Spending Estimates for New and Retrofit Substation Automation Programs between 2005-2007:
North American utilities reported significantly increased plans for spending on substation automation-related programs from earlier studies. The total of about $155 million is more than double the amounts reported as available for substation automation spending in the 2002 study. Again this year, IOUs in the US and Canada dominated spending plans, but the other utility groups also plan to spend in the millions of dollars ranges. Plans for spending on retrofit substations for the next five years (192 million dollars) outpaced plans for similar spending on new substations over the same five year period (177 million dollars).

Approach to Obtaining Substation Automation Systems and Equipment:
Forty-six percent of the North American utilities indicated that they bought from “Best in Class” suppliers of individual substation equipment for A&I programs. Nine percent indicated purchases only from larger suppliers active in the market. Over one third (34%) reported buying equipment only, and then integrating the equipment internally. Thirteen others reported use of consultants to develop a comprehensive substation A&I plan. Only three reported purchasing directly from substation system integrators.

Current and Planned Use of Protocols Within the Substation:
Just about three quarters of the North American utility respondents cited current use of DNP3.0 (Serial) and nearly one quarter indicated use of DNP 3.0 (LAN). None of the current international standard IEC protocols was cited by any utilities as being in use by August 2005. There were some plans to use IEC 61850 by 2007 (six percent). Modbus and Modbus Plus remain strong, with 37% citing some use of Modbus (serial) and 22% citing use of Modbus Plus.

Current and Planned Use of Protocols from the Substation to An External Host:
One half of the group was using DNP 3.0 and 22% had moved on to DNP 3.0 LAN. There was only minimal use of any other protocol listed, while several write-ins of older legacy proprietary protocols were still popular. Among these were: ACS, CDC, Conitel, L&G/Telegyr, QUICS and Tejas/Valment/Metso protocols. Current users of DNP serial were by and large planning to migrate to the LAN version of DNP. Officials indicated that for the most part (81%) they were using standard versions of protocols, while 18% were using both tailored and standard versions of communications protocols. Fewer than ten percent of the North American utility substation officials indicated that they were encrypting data transmissions (or protocols) used in substation communications.
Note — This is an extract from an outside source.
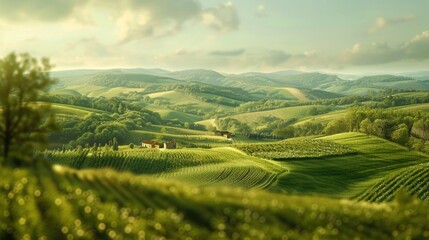 Fototapeta premium A green field with a house in the distance, suitable for use as a background or landscape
Current and Planned Choices of Physical Links and Media from the Substation to External Hosts/Networks:
Over one half of the respondents indicated at least some use of fiber or synchronous optical network linkages. Forty-three percent continue to rely on leased lines, while 40% cited use of MAS radio, and 38% were using microwave. Importantly, IOUs are the subgroup most likely to use at least some telephony in their comms media mix. IOUs were also planning to use some frame relay and microwave, more than other subgroups.
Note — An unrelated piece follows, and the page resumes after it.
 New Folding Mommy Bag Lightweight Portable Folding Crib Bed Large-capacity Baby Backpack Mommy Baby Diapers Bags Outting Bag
Number of Ethernet Ports Available in a Typical Substation:
Thirty-six officials indicated that no Ethernet ports were typically available in their T&D substations. Of those who did indicate having such ports available, the nominal midpoint was 8 ports, with a few having either 24 or 48 ports. Eighty percent of the respondents to this question indicated that their substation Ethernet ports were in fact secured. Two thirds of those who had indicated secure ports stated that they were secured via port security methods, while 19 said “other” methods were being used. Other methods included: NMS, authentication, OP addressing, firewalls, and passwords.

Number of Simultaneous Wireless Connections Allowed in the Substation:
Forty-four of 74 respondents indicated that they allow “no” simultaneous wireless connections in their substations. Fifteen said that one or two were permitted. The need for simultaneity seems to be more apparent when the substation data is required by two or more entities (utilities, utility-ISO/RTO, utility engineering/ utility operations).

Use of Modems in the Substation Communications Schema:
Twenty-two percent of the 97 respondents indicated no use of modems. This was especially likely among public power utilities. IOUs were very likely to be using at least some modems. Most of the modem users were using at least some hardwired modems (97%), while 12% were also using some cellular modems and seven percent were using other forms of wireless modems.

Security of Remote Connections (Such as Modems, Wireless Connections):
Fifty-nine percent of the 96 respondents to this question indicated that their remote connections were secured, while 41% admitted using unsecured connections. Only 37 of the 57 users who cited having secure connections indicated having ALL of their connections secured. Only 19% of the 96 responding utility officials indicated that they encrypted or otherwise protected communications in remote connections. Eighty-one percent admitted to using unsecured communications in their remote connections. Only one third of the utilities were making use of routable paths to their end devices. Most (77%) of those utilities using routable paths were also monitoring the pathing.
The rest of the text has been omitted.